Various types of rotor yokes have been utilized to interconnect the rotorcraft blades and the support mast. Metal rotor yokes have suffered from the disadvantages of weight, cost, high maintenance requirements, and low useful life. There have been several attempts to eliminate one or more of the articulations in such couplings in order to simplify construction and reduce costs. Some rotor yokes are pivotally secured to the support mast, and are characterized by a flat plate construction resilient enough to act as a virtual hinge and thereby accommodate flapping of the blades.
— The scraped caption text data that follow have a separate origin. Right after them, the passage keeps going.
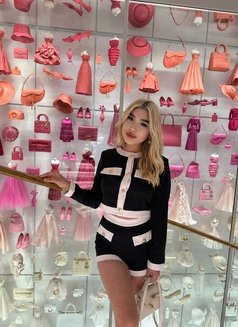 Ella - puta in Dubai Photo 6 of 15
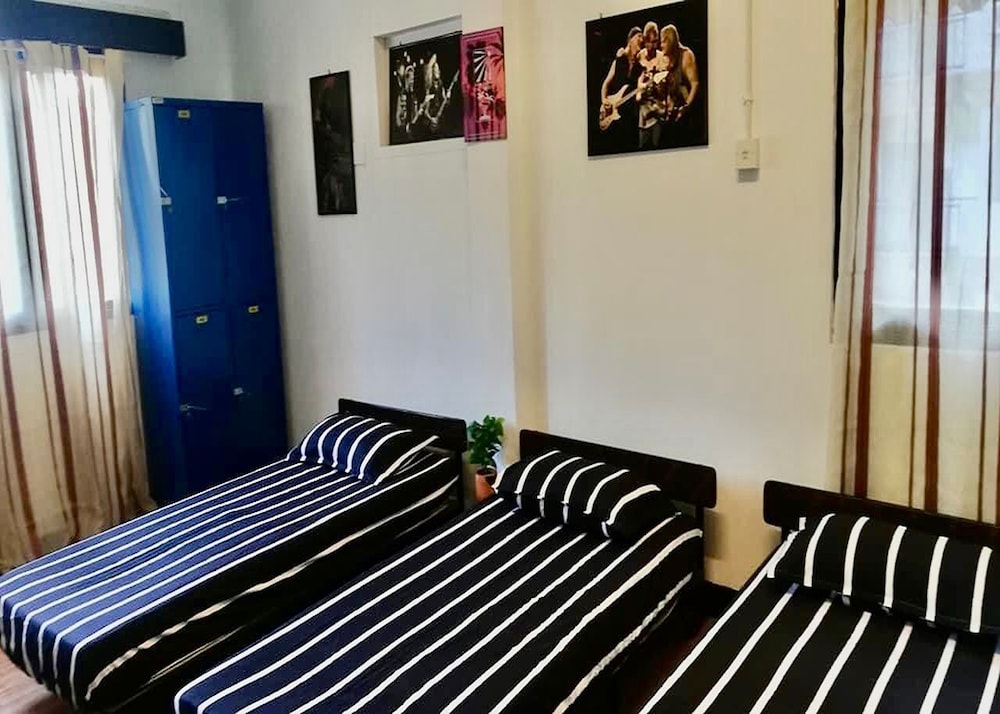 Quad room - single bed 5 pax(Backpacker) - Photo 7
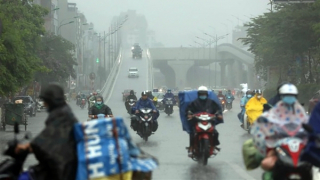 Hà Nội thời tiết mát mẻ, miền Trung đến Nam bộ mưa to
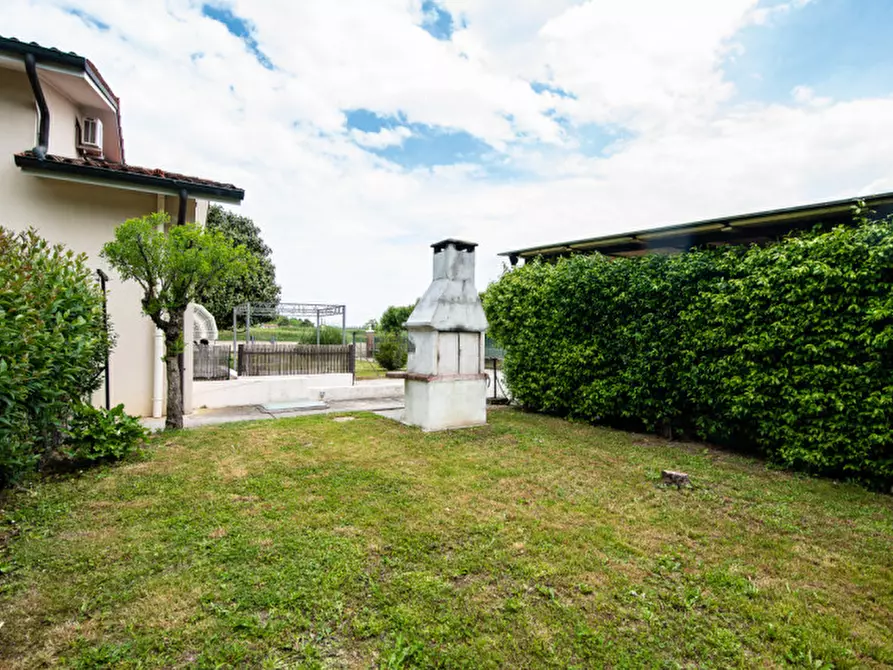 Immagine 6 di Casa bifamiliare in vendita  in Via Argine Destro del Piovego n 44 a Noventa Padovana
More recently, glass fibers and other composite materials have been employed in the fabrication of rotorcraft rotor system components. In comparison to a machined metal forging, glass fibers and other composite materials have more favorable fatigue characteristics resulting in longer useful life. In addition, the use of such materials simplifies construction and reduces costs. Referring to FIGS. 1 and 2, composite rotor yokes, such as a rotor yoke 101 are conventionally cured in a rigid, closed mold, such as mold 103, to form the overall shape of the rotor yoke. One of the problems encountered concerning such rotorcraft rotor yokes has been distortion or “marcelling” of the fibers in the rotor yoke during the curing process. Because the uncured rotor yoke is forced to conform to the cavity, such as cavity 105 formed by the closed mold, mechanical stresses can be induced in the uncured rotor yoke. The fibers are substantially unconstrained during certain portions of the curing cycle when the resin matrix in which the fibers are disposed is in a semi-liquid or liquid state. The induced stress in the uncured rotor yoke is relieved via movement or distortion of the fibers within the resin matrix. The fibers can be captured in their distorted or marcelled state when the resin crosslinks in thermosetting composite materials or when the resin is cooled in thermoplastic composite materials.
There are many designs of rotorcraft yokes well known in the art; however, considerable shortcomings remain.
While the system of the present application is susceptible to various modifications and alternative forms, specific embodiments thereof have been shown by way of example in the drawings and are herein described in detail. It should be understood, however, that the description herein of specific embodiments is not intended to limit the present application to the particular forms disclosed, but on the contrary, the intention is to cover all modifications, equivalents, and alternatives falling within the spirit and scope of the present application as defined by the appended claims.